Conservatrice générale du patrimoine, Laurence des Cars a été directrice scientifique de l'Agence France-Muséums. Depuis 2017, elle est présidente de l’établissement public des musées d’Orsay et de l’Orangerie.
Votre talent et votre engagement font de vous une personnalité emblématique du monde de la culture. Quelles sont les principales étapes de votre parcours ?
Assez classiquement à l’issue de mes études d’histoire de l’art, j’ai passé le concours des conservateurs et intégré l’Institut national du patrimoine. En tant que spécialiste du 19e siècle, j’ai eu la chance de débuter ma carrière au musée d’Orsay comme conservatrice en peinture pendant treize ans. Ces premières années sont celles où j’ai construit intellectuellement et professionnellement une vision ouverte et complète de mon métier dans l’approfondissement d’un champ scientifique, le goût du travail en équipe et une première compréhension des enjeux internationaux du monde muséal.
C’est dans cette dynamique que j’ai été ensuite pendant six ans directrice scientifique de l’Agence France-Muséums au cœur de l’extraordinaire aventure que furent les années de création et de lancement du Louvre Abu Dhabi. Puis, j’ai eu le bonheur de diriger le musée de l‘Orangerie pendant trois ans, où je me suis efforcée d’ouvrir l’institution à des voix multiples pour mieux susciter sa découverte ou sa redécouverte. Et enfin depuis 2017, en tant que présidente d’Orsay et de l’Orangerie, c’est dans une vision plus complète de ces deux magnifiques musées qu’avec leurs équipes, je déploie une programmation, des projets et des travaux qui visent à donner des clés d’accès aux collections à l’histoire de l’art et des idées à tous les publics.

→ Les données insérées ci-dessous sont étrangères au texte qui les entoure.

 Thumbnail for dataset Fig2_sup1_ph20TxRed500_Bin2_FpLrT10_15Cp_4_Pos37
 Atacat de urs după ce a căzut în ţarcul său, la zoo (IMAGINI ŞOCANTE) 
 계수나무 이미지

Dans le domaine culturel, l'égalité entre les femmes et les hommes connaît aujourd'hui encore une situation contrastée. Quelle place les femmes occupent-elles dans votre secteur ?

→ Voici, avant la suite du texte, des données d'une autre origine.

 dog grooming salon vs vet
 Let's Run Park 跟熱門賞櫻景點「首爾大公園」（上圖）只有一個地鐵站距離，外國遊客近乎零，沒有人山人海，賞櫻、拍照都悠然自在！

Fort heureusement, les choses bougent, et nous assistons à une féminisation croissante des postes de direction des musées, ce qui n’est que justice au regard du nombre de femmes engagées dans les métiers de la conservation. La tendance est aujourd’hui largement internationale, et quelques femmes dirigent aujourd’hui la Tate, à Londres la National Gallery de Washington ou les musées du Vatican, à Rome, mais nous ne sommes pas si nombreuses, et il faut encore et toujours encourager toutes celles qui hésitent à franchir le pas d’une candidature à un poste de responsabilité.
Votre engagement au service de l'égalité est connu. Comment se traduit-il dans l’exercice de votre métier et dans votre environnement professionnel ?

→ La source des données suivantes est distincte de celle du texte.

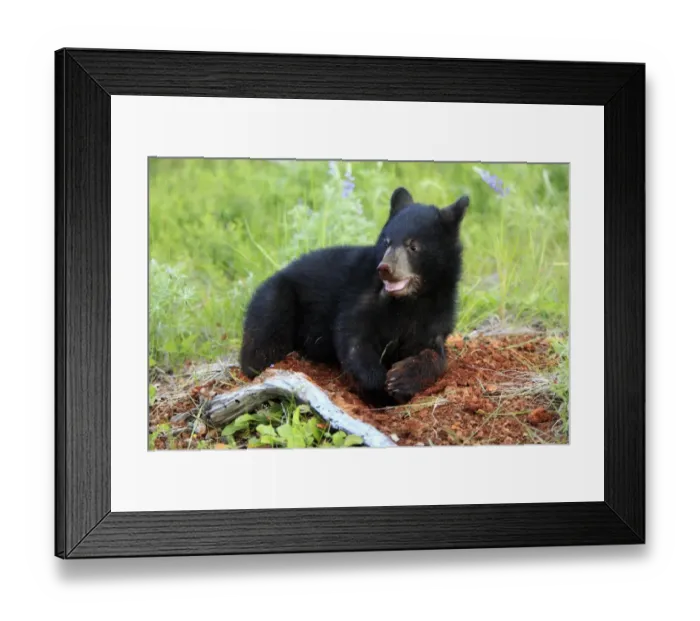 Framed Print : American Black Bear (Ursus americanus) six-month old cub, digging in meadow, Montana, U. S. A. june (captive) Framed Print : American Black Bear (Ursus americanus) six-month old cub, digging in meadow, Montana, U. S. A. june (captive)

Cette question est l’objet d’une attention permanente de ma part, dans les processus de recrutement et dans la répartition des responsabilités. Grâce à l’engagement, à mes côtés de femmes talentueuses, j’ai eu l’opportunité de féminiser très sensiblement les postes de direction avec à la direction de l’Orangerie, Cécile Debray, à la direction de la conservation et des collections du musée d’Orsay, Sylvie Patry, ou par la nomination Virginie Donzeaud comme administratrice générale adjointe. Notre COMEX est ainsi majoritairement féminin, et plus largement, notre établissement public est engagé dans une politique proactive sur ce sujet. J’ai ainsi souhaité la définition d’une politique de responsabilité sociétale des organisations (RSO) ambitieuse pour l’établissement qui place en son centre cette problématique. La promotion de la diversité et de l’égalité sous toutes ses formes ainsi que la prévention et la lutte contre les discriminations font partie intégrante de la politique de l’établissement, elles sont au cœur de la politique de ressources humaines et sous-tendent toutes les activités scientifiques, artistiques et culturelles proposées par nos musées. Un travail scientifique sur la place des femmes dans l’art sera notamment initié dans le cadre du futur Centre de Ressources et de Recherche.
Quel conseil donneriez-vous aux jeunes femmes qui voudraient entreprendre une carrière dans le domaine culturel ?
Ce sont des métiers de passion et d’exigence, et pour ces raisons même, des milieux où les jeux d’egos et de pouvoir peuvent être particulièrement déstabilisants. Il faut donc se construire en apprenant à avoir confiance en soi et en ne doutant pas de sa légitimité face à la marche supérieure, car c’est souvent ce questionnement, qui n’a évidemment pas lieu d’être, qui fragilise encore la vie professionnelle des femmes dans le domaine culturel.